All of lore.kernel.org
 help / color / mirror / Atom feed
From: David Rientjes <rientjes@google.com>
To: Andrew Morton <akpm@linux-foundation.org>
Cc: KOSAKI Motohiro <kosaki.motohiro@jp.fujitsu.com>,
	KAMEZAWA Hiroyuki <kamezawa.hiroyu@jp.fujitsu.com>,
	Dave Jones <davej@redhat.com>,
	linux-mm@kvack.org, linux-kernel@vger.kernel.org
Subject: Re: [patch v2] mm, oom: normalize oom scores to oom_score_adj scale only for userspace
Date: Wed, 23 May 2012 23:02:10 -0700 (PDT)	[thread overview]
Message-ID: <alpine.DEB.2.00.1205232259040.15547@chino.kir.corp.google.com> (raw)
In-Reply-To: <20120523153718.b70bb762.akpm@linux-foundation.org>

On Wed, 23 May 2012, Andrew Morton wrote:

> > @@ -367,12 +354,13 @@ static struct task_struct *select_bad_process(unsigned int *ppoints,
> >  		}
> >  
> >  		points = oom_badness(p, memcg, nodemask, totalpages);
> > -		if (points > *ppoints) {
> > +		if (points > chosen_points) {
> >  			chosen = p;
> > -			*ppoints = points;
> > +			chosen_points = points;
> >  		}
> >  	} while_each_thread(g, p);
> >  
> > +	*ppoints = chosen_points * 1000 / totalpages;
> >  	return chosen;
> >  }
> >  
> 
> It's still not obvious that we always avoid the divide-by-zero here. 
> If there's some weird way of convincing constrained_alloc() to look at
> an empty nodemask, or a nodemask which covers only empty nodes then
> blam.
> 
> Now, it's probably the case that this is a can't-happen but that
> guarantee would be pretty convoluted and fragile?
> 

It can only happen for memcg with a zero limit, something I tried to 
prevent by not allowing tasks to be attached to the memcgs with such a 
limit in a different patch but you didn't like that :)
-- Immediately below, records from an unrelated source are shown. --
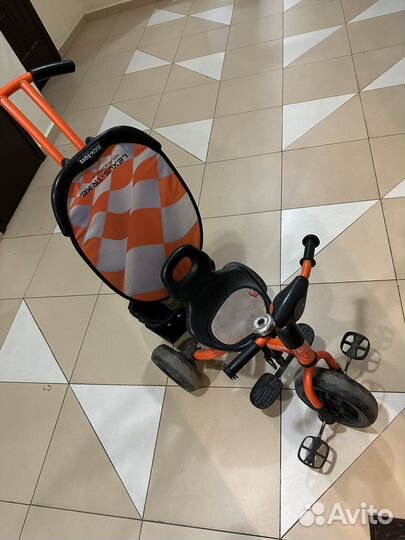 Трехколесный велосипед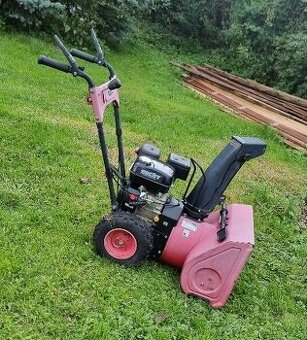 Benzínová sněhová fréza s pojezdem 5 HP / Hecht 9555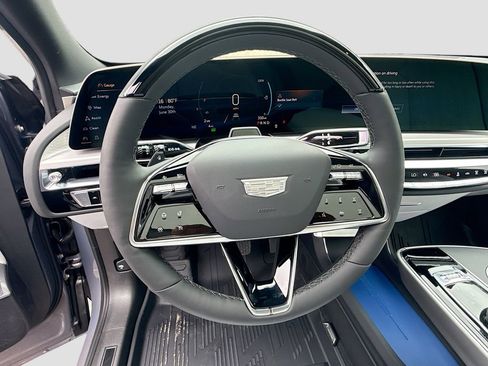 New 2025 Cadillac Lyriq Luxury image 11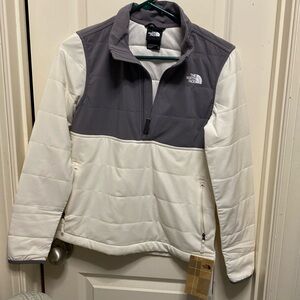 North Face women’s quarter zip pullover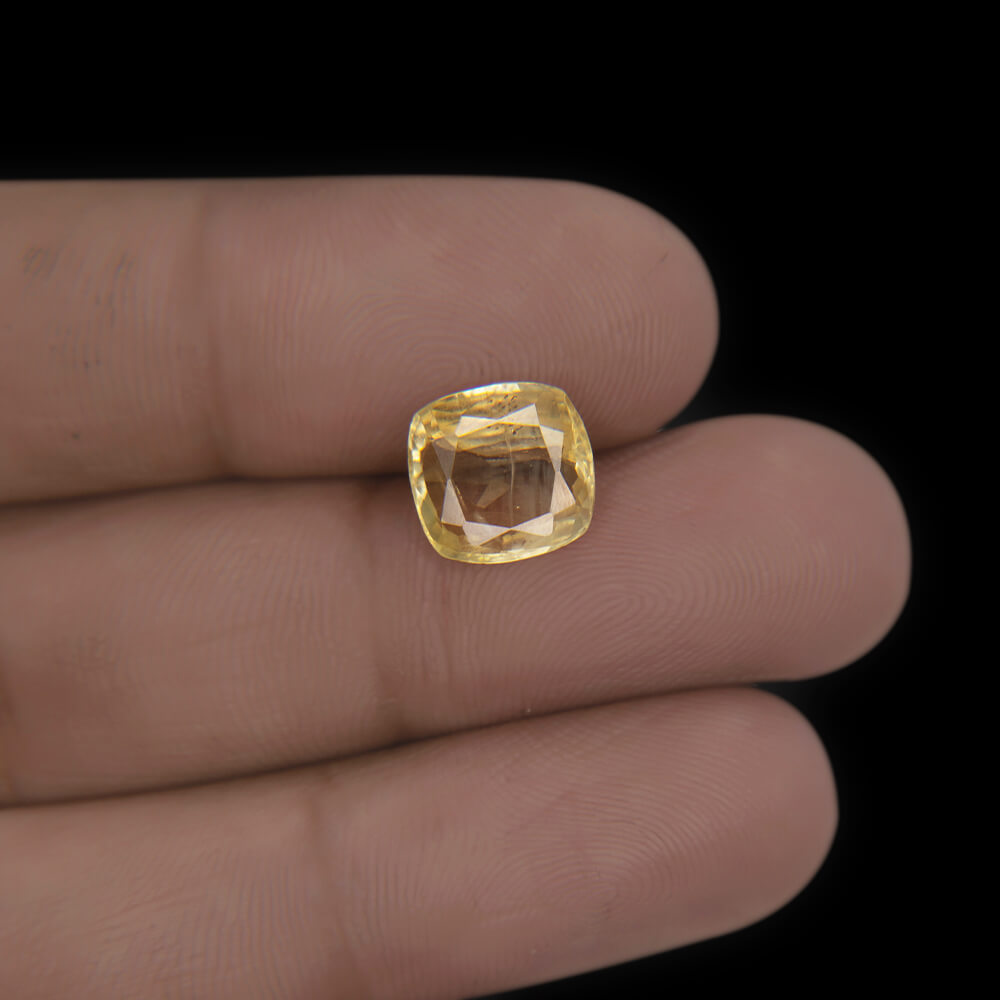 Yellow Sapphire (Pukhraj) Sri Lanka - 3.93 Carat (4.25 Ratti)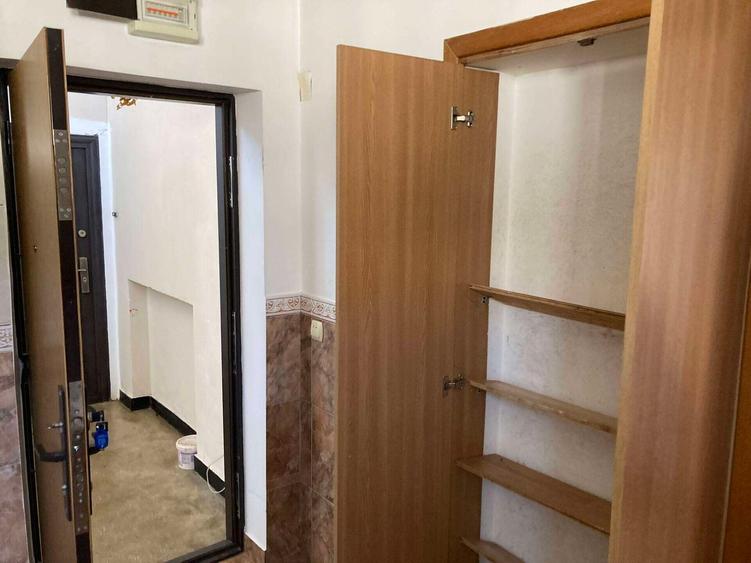 Apartament cu 2 camere semidecomandat în Obor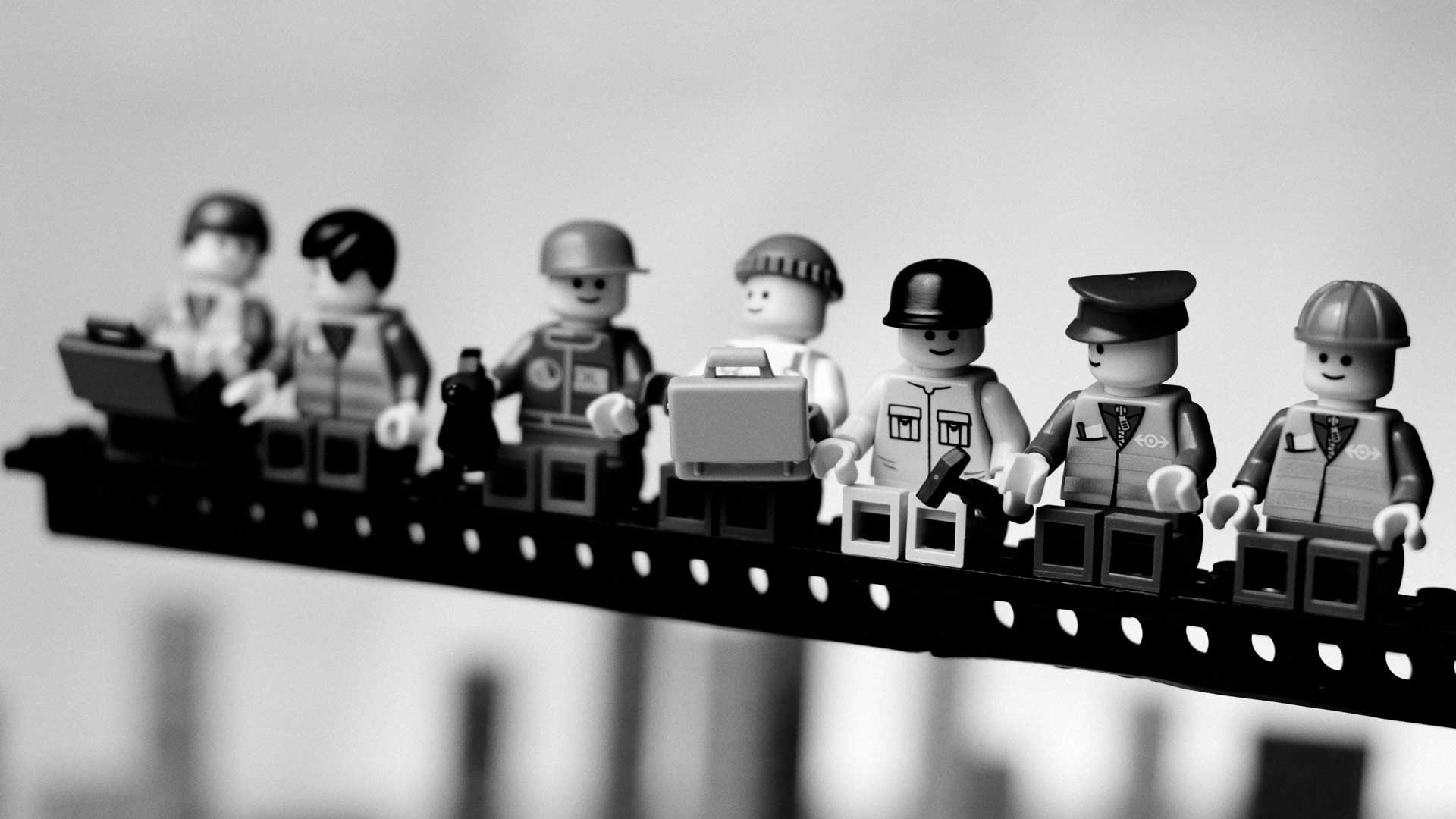 Put Some Lego People on Your Desktop With These Wallpaper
So I fixed it in this patch with this:

@@ -572,7 +560,7 @@ void mem_cgroup_out_of_memory(struct mem_cgroup *memcg, gfp_t gfp_mask,
 	}
 
 	check_panic_on_oom(CONSTRAINT_MEMCG, gfp_mask, order, NULL);
-	limit = mem_cgroup_get_limit(memcg) >> PAGE_SHIFT;
+	limit = mem_cgroup_get_limit(memcg) >> PAGE_SHIFT ? : 1;
 	read_lock(&tasklist_lock);
 	p = select_bad_process(&points, limit, memcg, NULL, false);
 	if (p && PTR_ERR(p) != -1UL)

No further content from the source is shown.